# Material supplied
BEGIN

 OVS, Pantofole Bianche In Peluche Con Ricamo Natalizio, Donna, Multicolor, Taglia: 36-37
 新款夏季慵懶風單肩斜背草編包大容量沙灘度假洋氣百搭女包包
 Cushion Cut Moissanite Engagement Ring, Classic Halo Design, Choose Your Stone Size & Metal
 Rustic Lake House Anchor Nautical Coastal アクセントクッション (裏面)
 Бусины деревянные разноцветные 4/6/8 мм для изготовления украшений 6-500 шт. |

END
BEGIN

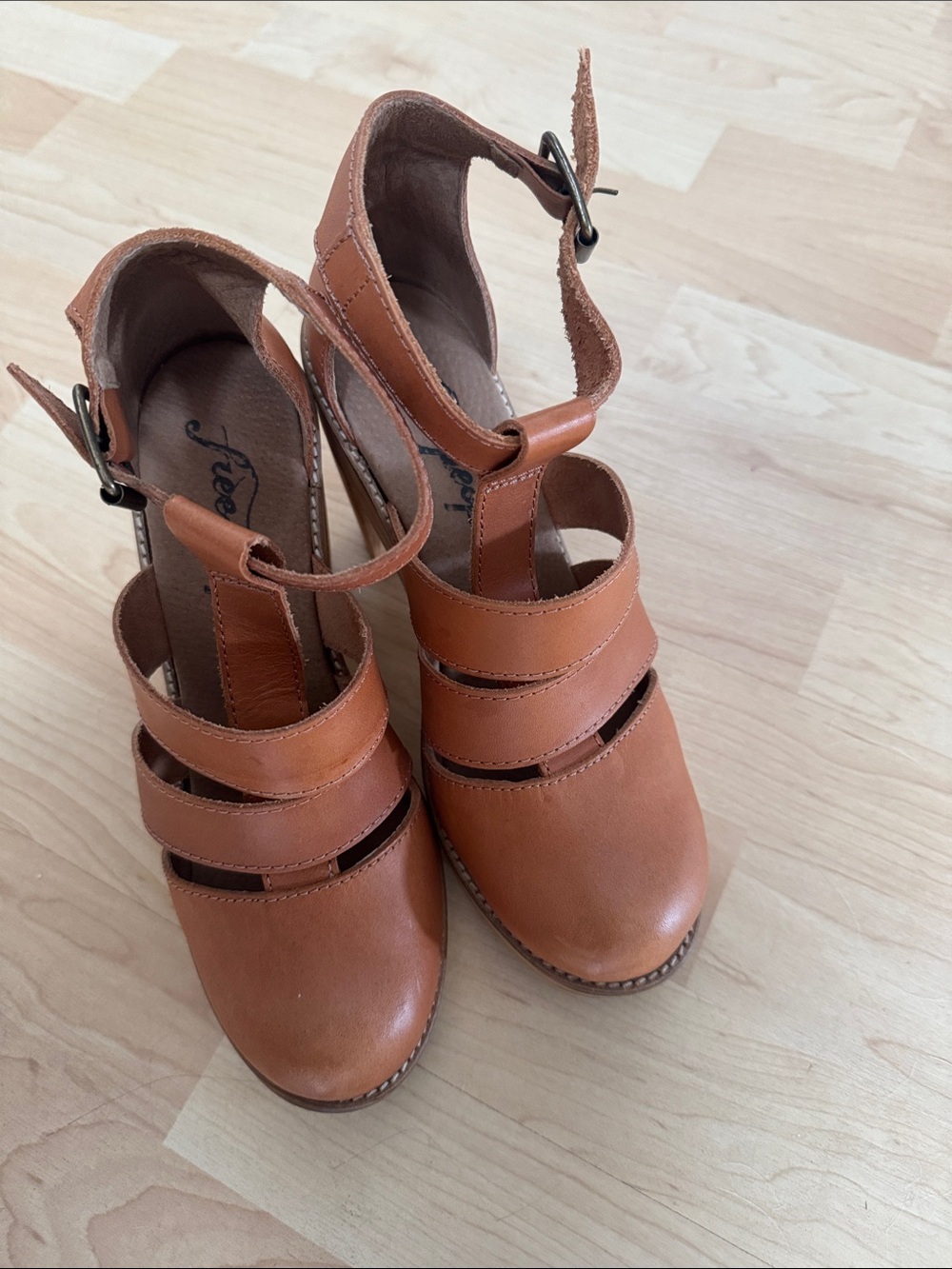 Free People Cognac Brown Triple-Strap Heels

END
BEGIN

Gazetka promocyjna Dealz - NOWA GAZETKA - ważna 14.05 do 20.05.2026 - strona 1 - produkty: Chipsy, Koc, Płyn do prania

END

From the records above, quote only the lines running from the line with "OVS, Pantofole Bianche" to the line with "Бусины деревянные разноцветные", both lines included.

# Problem solution
 OVS, Pantofole Bianche In Peluche Con Ricamo Natalizio, Donna, Multicolor, Taglia: 36-37
 新款夏季慵懶風單肩斜背草編包大容量沙灘度假洋氣百搭女包包
 Cushion Cut Moissanite Engagement Ring, Classic Halo Design, Choose Your Stone Size & Metal
 Rustic Lake House Anchor Nautical Coastal アクセントクッション (裏面)
 Бусины деревянные разноцветные 4/6/8 мм для изготовления украшений 6-500 шт. |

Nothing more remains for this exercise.